Linearly-spaced axis values

rectGrid

Rectilinear Grid

variable

Variable

Special Characters

XML reserves certain characters for markup. If they appear as content, they must be encoded to avoid confusion with markup:

Special Character Encodings

Character

Encoding

<

&lt

>

&gt

&

&amp

"

&quot

`

&apos

For example, the comment

Certain "special characters", such as <, >, and `, must be encoded.

would appear in an attribute string as:

comment = "Certain &quotspecial characters&quot, such as &lt, &gt, and &apos, must be encoded."

Identifiers

In CDMS, all objects in a dataset have a unique string identifier. The id attribute holds the value of this identifier. If the variable, axis, or grid has a string name within a data file, then the id attribute ordinarily has this value. Alternatively, the name of the object in a data file can be stored in the name_in_file attribute, which can differ from the id. Datasets also have IDs, which can be used within a larger context (databases).
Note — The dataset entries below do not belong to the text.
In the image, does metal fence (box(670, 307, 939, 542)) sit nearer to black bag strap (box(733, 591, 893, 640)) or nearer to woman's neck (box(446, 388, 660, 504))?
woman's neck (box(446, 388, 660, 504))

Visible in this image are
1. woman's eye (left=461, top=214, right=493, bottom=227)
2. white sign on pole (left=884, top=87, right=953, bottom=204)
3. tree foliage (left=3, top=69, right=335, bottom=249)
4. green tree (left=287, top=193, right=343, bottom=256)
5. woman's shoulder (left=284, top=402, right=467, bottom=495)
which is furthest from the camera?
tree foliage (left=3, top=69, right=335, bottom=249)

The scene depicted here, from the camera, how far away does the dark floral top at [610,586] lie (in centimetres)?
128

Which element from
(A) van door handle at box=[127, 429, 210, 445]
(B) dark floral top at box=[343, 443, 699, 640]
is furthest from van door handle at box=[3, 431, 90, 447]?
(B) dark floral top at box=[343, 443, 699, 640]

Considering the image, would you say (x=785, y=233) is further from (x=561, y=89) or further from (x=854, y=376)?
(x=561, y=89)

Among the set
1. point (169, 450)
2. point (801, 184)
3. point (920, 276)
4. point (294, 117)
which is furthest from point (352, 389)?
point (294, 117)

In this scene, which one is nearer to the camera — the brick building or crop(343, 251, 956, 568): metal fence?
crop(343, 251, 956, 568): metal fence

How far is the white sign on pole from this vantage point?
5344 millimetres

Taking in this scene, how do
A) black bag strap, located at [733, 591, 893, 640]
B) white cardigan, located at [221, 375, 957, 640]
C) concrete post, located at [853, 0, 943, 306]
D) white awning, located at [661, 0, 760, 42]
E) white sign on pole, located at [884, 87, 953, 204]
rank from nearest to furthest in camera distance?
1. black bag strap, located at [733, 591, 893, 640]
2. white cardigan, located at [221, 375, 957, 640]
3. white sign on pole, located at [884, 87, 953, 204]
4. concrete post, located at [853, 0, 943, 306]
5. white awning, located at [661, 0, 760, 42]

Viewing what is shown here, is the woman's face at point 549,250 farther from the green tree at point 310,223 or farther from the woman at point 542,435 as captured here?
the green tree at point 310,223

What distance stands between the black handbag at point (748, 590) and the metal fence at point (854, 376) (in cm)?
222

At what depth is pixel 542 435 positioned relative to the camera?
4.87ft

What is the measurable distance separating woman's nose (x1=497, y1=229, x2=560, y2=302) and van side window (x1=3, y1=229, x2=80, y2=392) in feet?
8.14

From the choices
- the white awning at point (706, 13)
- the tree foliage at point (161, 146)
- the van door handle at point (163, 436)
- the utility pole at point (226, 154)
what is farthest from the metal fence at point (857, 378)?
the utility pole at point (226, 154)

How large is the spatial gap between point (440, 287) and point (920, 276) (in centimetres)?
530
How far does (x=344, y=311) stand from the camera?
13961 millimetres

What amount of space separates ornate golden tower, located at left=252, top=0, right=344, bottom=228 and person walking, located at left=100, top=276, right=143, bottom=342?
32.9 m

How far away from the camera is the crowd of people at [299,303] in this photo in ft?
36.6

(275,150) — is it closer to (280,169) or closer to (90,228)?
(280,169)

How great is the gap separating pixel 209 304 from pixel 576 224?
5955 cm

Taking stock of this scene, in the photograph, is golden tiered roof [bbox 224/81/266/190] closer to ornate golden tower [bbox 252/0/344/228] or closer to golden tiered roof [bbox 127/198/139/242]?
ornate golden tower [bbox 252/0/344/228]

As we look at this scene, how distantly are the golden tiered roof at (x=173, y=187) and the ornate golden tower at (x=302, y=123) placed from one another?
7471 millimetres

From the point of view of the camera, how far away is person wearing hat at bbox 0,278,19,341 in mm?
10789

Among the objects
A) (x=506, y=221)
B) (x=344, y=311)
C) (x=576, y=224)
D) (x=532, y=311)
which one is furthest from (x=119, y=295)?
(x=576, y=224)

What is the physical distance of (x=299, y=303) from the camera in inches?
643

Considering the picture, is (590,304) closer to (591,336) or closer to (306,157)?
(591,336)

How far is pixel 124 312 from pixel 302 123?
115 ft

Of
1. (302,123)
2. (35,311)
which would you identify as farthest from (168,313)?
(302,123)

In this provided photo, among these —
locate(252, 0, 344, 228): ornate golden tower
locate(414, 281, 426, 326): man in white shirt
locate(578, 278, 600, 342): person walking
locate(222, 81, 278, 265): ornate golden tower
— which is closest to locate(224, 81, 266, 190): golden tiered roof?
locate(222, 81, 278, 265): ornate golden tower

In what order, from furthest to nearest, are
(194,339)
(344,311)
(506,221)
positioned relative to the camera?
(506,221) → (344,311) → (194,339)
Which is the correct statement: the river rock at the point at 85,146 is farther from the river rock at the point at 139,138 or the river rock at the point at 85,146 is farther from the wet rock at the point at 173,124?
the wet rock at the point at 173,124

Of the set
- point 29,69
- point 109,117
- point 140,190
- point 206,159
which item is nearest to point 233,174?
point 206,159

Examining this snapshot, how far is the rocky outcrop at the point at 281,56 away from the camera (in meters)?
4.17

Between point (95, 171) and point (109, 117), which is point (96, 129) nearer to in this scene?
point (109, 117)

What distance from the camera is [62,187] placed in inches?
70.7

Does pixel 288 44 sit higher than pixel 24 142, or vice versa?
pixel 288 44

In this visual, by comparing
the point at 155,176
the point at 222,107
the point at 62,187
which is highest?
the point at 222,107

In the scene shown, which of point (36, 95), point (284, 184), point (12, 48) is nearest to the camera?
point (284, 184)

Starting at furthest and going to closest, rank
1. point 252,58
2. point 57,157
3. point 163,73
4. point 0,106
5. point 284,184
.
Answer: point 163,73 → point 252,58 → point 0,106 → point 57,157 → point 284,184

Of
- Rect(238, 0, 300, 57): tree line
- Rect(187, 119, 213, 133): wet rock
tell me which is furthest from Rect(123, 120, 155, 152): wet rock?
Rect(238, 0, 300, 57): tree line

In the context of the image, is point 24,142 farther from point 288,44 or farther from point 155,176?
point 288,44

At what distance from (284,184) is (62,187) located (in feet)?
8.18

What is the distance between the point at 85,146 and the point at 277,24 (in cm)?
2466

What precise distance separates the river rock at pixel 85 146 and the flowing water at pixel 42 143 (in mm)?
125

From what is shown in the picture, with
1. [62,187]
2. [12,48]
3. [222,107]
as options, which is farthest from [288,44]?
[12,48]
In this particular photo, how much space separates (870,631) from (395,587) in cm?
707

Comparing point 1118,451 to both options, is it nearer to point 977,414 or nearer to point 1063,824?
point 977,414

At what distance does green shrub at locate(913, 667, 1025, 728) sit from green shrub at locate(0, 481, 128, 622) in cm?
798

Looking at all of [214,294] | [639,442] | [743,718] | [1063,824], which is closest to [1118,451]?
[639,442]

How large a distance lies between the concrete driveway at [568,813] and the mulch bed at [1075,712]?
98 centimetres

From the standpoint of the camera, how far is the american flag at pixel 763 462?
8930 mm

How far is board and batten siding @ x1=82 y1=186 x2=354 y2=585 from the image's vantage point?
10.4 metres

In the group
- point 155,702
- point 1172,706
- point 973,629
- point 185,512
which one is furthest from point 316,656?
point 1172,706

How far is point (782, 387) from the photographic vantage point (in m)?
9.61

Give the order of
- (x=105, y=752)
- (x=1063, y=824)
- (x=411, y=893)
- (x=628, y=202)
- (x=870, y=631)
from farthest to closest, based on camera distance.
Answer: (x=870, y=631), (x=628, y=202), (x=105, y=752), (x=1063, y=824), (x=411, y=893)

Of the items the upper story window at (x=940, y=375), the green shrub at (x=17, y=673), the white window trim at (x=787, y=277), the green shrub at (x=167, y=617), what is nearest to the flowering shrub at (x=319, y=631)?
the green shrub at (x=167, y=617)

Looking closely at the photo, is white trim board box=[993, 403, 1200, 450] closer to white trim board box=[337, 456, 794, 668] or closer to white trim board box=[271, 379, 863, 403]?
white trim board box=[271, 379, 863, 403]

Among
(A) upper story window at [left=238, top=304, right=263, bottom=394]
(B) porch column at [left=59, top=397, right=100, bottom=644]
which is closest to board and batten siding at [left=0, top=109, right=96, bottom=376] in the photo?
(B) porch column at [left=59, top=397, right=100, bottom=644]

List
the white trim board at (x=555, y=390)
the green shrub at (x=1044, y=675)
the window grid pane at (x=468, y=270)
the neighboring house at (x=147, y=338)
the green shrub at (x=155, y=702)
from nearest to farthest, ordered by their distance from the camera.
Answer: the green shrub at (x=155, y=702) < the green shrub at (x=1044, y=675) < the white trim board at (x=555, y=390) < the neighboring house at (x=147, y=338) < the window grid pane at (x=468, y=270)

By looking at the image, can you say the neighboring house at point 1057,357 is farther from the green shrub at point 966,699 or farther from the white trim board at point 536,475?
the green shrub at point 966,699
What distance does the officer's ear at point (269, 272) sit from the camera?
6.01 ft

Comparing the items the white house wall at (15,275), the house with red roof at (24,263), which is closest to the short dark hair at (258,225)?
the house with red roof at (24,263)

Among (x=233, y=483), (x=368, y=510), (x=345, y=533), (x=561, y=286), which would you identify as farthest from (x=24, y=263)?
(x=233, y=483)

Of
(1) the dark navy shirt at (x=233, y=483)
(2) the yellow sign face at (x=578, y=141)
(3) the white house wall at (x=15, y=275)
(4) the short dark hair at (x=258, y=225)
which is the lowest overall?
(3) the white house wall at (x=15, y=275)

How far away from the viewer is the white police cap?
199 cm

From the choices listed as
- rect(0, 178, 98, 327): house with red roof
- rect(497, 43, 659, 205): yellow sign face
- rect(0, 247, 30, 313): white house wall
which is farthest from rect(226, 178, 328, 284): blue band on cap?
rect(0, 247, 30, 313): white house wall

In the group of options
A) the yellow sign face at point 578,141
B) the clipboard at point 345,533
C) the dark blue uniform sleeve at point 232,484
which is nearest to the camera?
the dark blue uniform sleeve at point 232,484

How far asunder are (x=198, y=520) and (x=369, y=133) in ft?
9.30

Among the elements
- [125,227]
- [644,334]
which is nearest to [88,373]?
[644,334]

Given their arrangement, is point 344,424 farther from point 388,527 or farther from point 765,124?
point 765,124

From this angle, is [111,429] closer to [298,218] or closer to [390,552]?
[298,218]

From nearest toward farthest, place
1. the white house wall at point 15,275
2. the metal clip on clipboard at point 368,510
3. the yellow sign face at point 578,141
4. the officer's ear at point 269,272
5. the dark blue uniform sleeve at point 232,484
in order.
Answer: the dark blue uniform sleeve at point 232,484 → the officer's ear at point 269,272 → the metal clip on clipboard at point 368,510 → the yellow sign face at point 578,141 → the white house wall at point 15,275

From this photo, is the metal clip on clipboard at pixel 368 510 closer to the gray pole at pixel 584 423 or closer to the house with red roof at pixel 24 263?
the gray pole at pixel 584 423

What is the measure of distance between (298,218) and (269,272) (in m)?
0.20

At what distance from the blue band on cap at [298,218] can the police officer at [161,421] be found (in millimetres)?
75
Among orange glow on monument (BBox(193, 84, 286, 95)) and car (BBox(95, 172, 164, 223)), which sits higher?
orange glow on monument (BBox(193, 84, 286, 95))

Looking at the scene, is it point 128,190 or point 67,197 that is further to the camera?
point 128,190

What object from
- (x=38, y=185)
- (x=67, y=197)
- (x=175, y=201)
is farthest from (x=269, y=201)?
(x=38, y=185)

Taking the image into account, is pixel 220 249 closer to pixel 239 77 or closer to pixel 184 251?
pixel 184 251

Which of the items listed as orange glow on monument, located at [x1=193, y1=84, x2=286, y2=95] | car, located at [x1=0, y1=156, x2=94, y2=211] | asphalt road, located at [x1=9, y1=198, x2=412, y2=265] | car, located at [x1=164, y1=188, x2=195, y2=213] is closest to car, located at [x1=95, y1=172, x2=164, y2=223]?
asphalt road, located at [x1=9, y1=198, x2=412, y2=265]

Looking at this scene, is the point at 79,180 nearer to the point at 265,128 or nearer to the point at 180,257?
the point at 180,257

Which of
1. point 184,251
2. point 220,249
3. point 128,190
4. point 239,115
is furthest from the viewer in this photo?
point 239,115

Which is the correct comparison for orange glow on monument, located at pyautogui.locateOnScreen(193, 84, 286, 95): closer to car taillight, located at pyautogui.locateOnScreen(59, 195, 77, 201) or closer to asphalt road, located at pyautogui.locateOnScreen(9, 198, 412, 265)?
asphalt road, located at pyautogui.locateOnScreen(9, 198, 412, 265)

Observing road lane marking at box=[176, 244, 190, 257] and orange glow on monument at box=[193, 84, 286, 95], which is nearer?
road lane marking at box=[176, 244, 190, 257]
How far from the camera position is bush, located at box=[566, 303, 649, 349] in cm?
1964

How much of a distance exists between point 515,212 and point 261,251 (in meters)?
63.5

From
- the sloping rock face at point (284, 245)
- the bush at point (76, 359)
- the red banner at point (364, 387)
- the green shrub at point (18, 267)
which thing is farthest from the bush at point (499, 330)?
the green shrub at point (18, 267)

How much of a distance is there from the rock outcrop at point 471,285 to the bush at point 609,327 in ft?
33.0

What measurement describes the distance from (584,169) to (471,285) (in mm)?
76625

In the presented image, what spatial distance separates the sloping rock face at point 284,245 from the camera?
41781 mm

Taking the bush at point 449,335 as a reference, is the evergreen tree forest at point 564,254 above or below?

An identifer must start with an alphabetic character (upper or lower case), an underscore (_), or a colon (:). Characters after the first must be alphanumeric, an underscore, or colon. There is no restriction on the length of an identifier.

CF Metadata Standard

The CF metadata standard (http://www.cgd.ucar.edu/cms/eaton/netcdf/CF-current.htm) defines a set of conventions for usage of netCDF. This standard is supported by CDML. The document defines names and usage for metadata attributes. CF supersedes the GDT 1.3 standard.

CDML Syntax

The following notation is used in this section:

A CDML document consists of a prolog followed by a single dataset element.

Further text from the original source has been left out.